Gettysburg Battlefield; Image: Wikimedia Commons
In 1929, Winston Churchill and his brother Jack made an extended tour of North America in the company of their sons Randolph and Johnny. The Imperial War Museum has now made available a fifteen-minute film of the visit made by Jack Churchill while the family traveled in the northeastern United States. To view the silent movie, please CLICK HERE.
The four Churchill men departed Britain in summer 1929, soon after Winston had left office as Chancellor of the Exchequer following the defeat of the Conservatives in that year’s general election. The party first arrived in Canada and traversed the nation in a private railway car from east to west. From British Columbia, the Churchills entered the United States by way of a ferry to Seattle. They then moved down the Pacific coast of America stopping in San Francisco, San Simeon, and Los Angeles before going east, visiting Yosemite, the Grand Canyon, and Chicago along the way before reaching New York City.
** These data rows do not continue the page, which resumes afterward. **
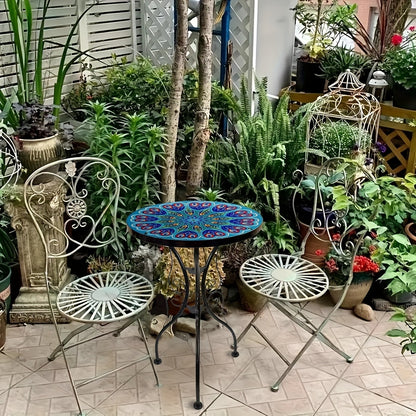 Guéridon en Fer Forgé avec Plateau Verre Mandala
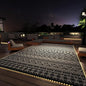 MontVoo-Outdoor Rug Carpet 8x10 ft for Patio RV Camping with Led Strip Lights Waterproof Plastic Straw Rug Reversible Portable Outside Indoor Outdoor Rug Mat for Patio Decor Balcony Picnic-Boho Rug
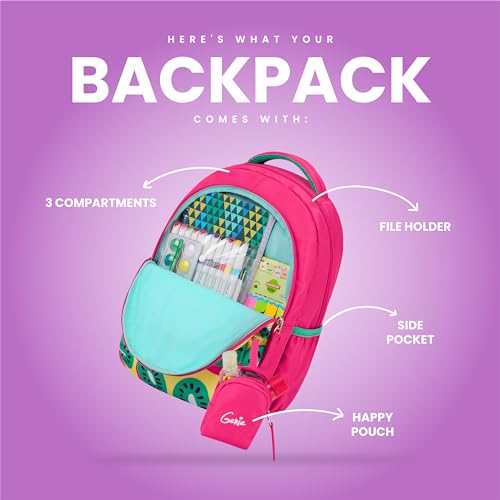 Image of Genie Fruity Kids s, 15 inch Cute, Colourful Bags for Girls, Water Resistant and Lightweight, 3 Compartment with Happy Pouch, 20 Liters, Nylon Twill, Pink School Backpack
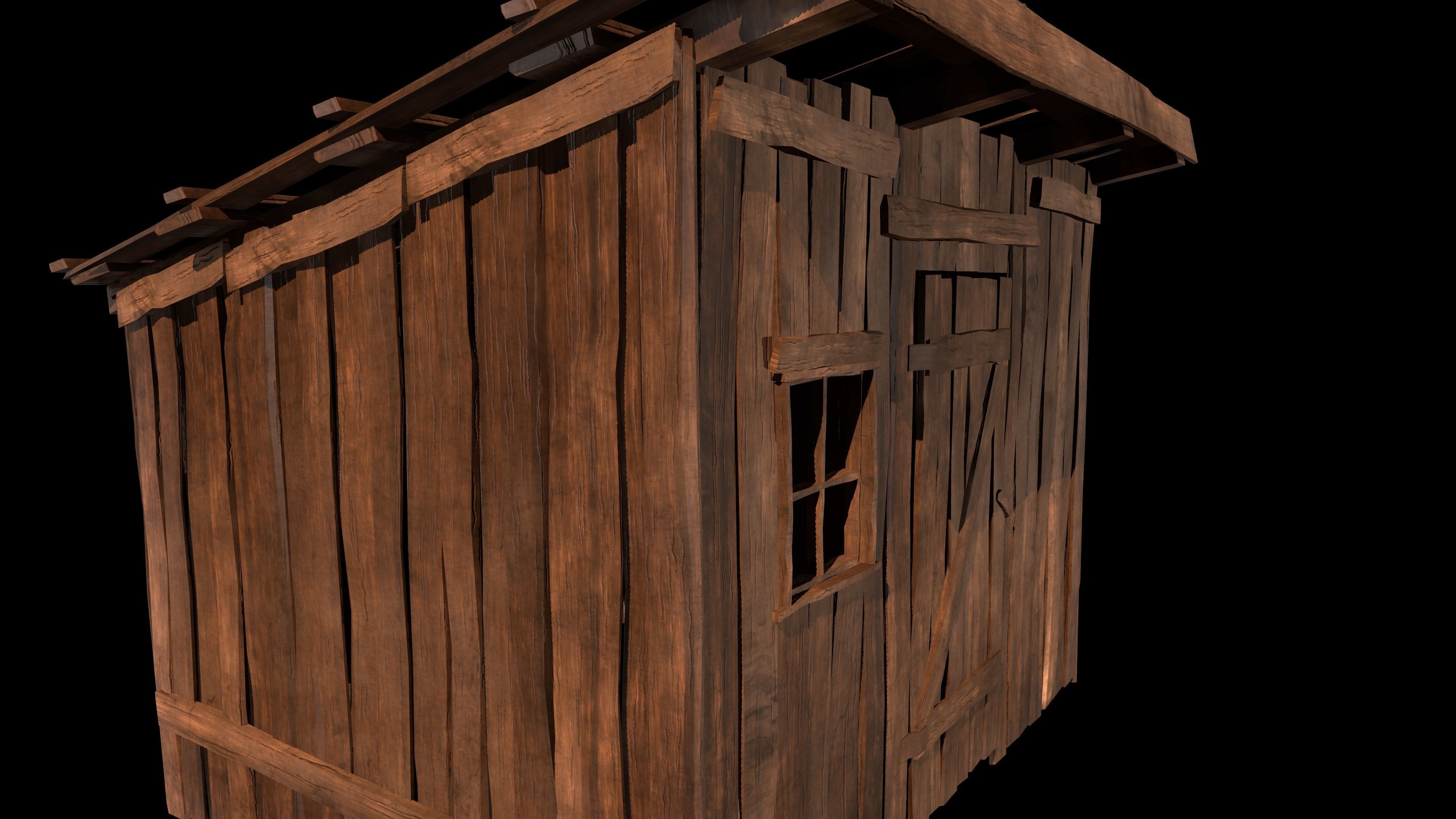 Old wooden shed Low-poly 3D model_30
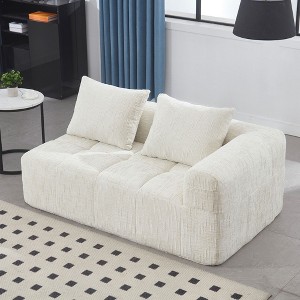 NicBex Modern Chenille Loveseat Sofa with Left Arm & Removable Pillows,Minimalist Comfy 2-Seater Sofa for Living Room,Bedroom - 1 of 4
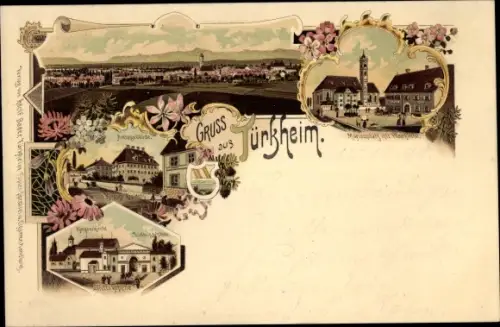 Litho Türkheim im Unterallgäu, Amtsgebäude, Klosterkirche, Marienplatz, Pfarrkirche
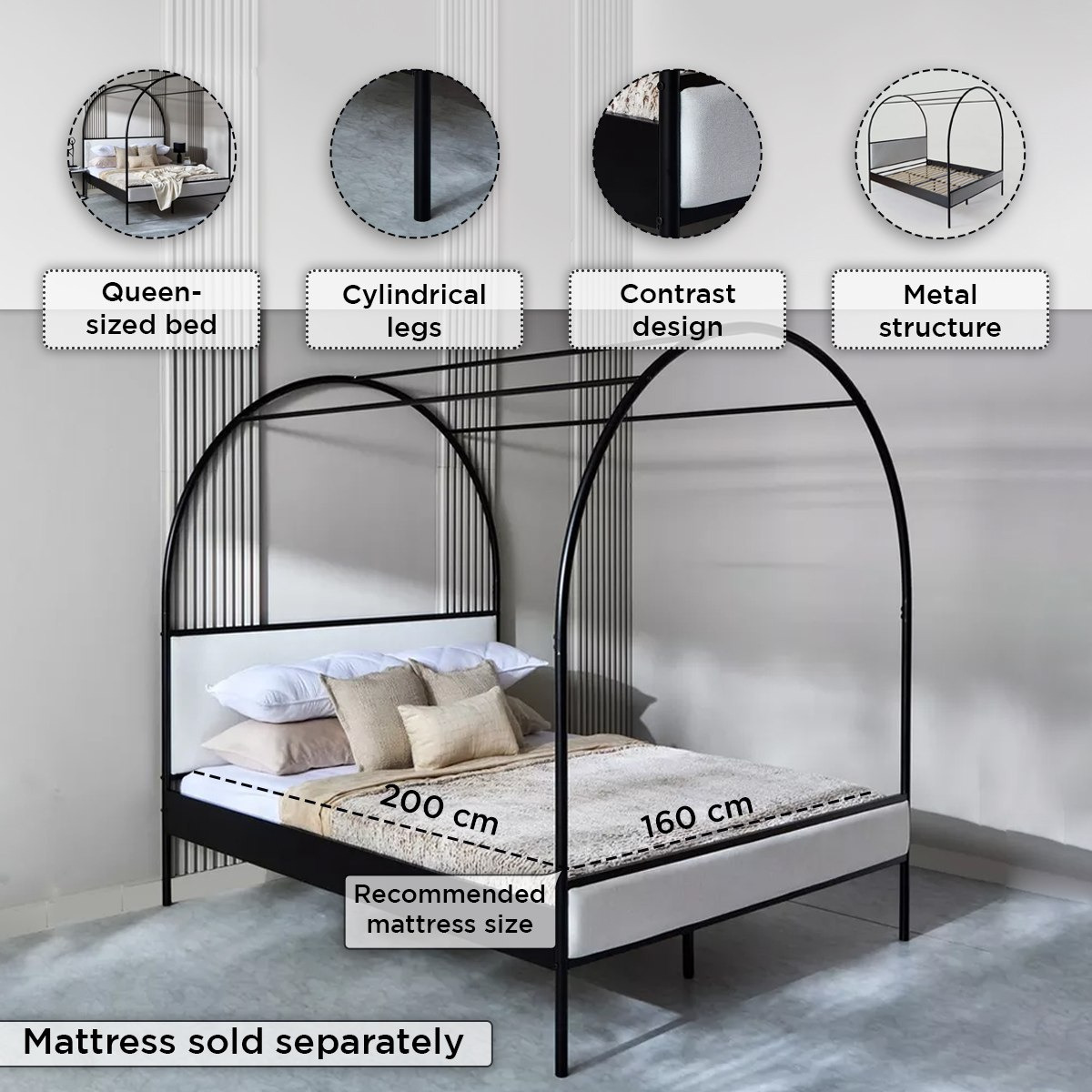 سرير كوين منجد معدن بمظلة آبي من مارويل- 160x200 سم-hbxbedroom-bedsandbedsets-beds-queen-image-4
Jack Churchill probably purchased his motion-picture camera in New York, since this is where the film record begins. Winston is seen only briefly, along with Randolph, visiting the home of his cousin Frederick Guest. Various famous sites of New York are seen, including Central Park, but probably most spectacular is a view from the ground of a US airship passing over the city. At another point, the exterior of the New York Stock Exchange is shown on 18 October, less than one week before the Great Crash.
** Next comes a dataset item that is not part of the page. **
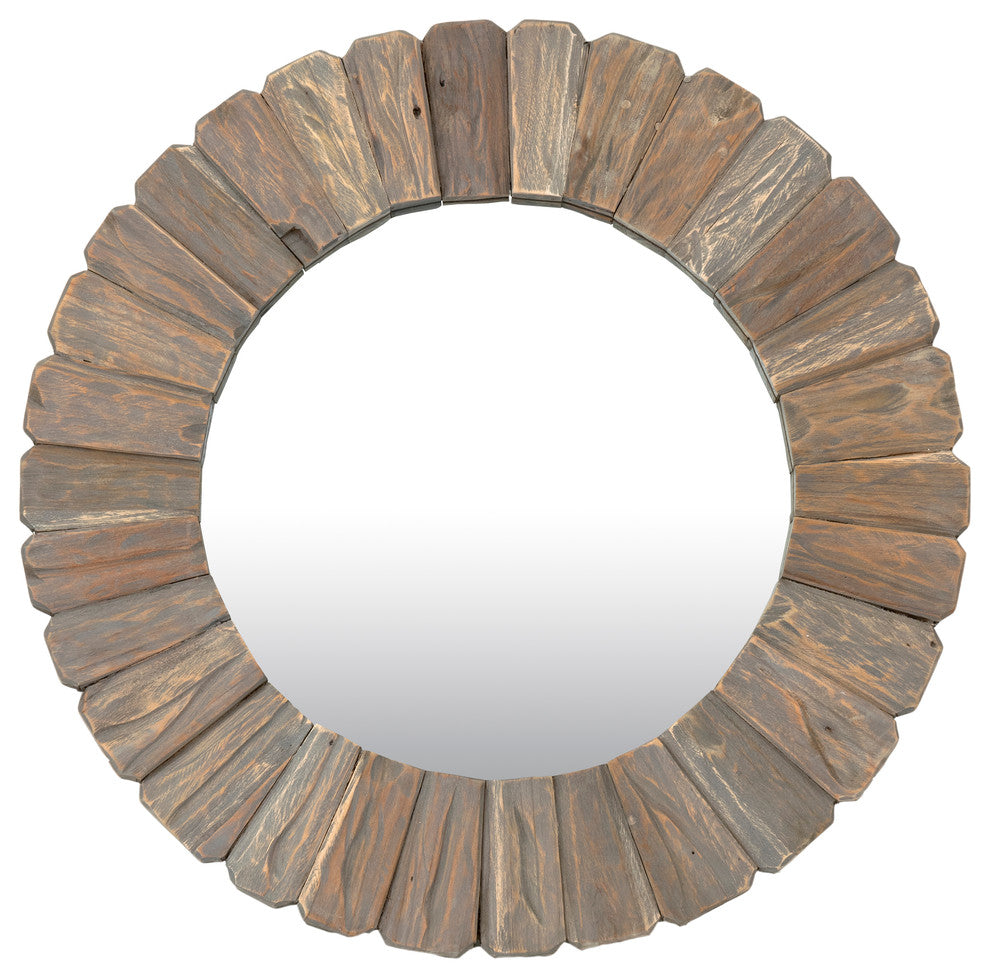 East at Main Salix Brown Round Teakwood Mirror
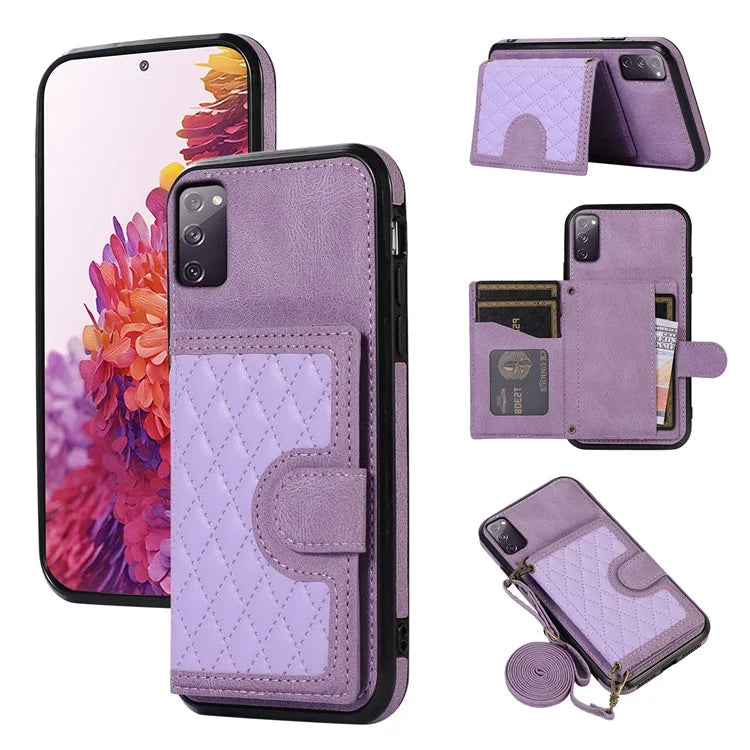 For Samsung Galaxy S20 FE 2022 / S20 FE / S20 FE 5G / S20 Lite Case Card Holder TPU+PU Leather Phone Shell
The Churchills also visited Washington, D.C., and scenes include the White House from Pennsylvania Avenue as well as the capitol dome. Of more interest to Churchill, however, was his visits to the US Civil War battlefields. Several historical locations around Richmond, Virginia are seen, but the Churchills also visited Gettysburg, Pennsylvania and even the works at Bethlehem Steel. In the final scenes, the Churchills are departing a misty New York Harbor past the Statue of Liberty on the S.S. Berengaria, a German-built passenger ship larger that the Titanic, which was taken by Britain after the First World War as reparations for the loss of the Lusitania.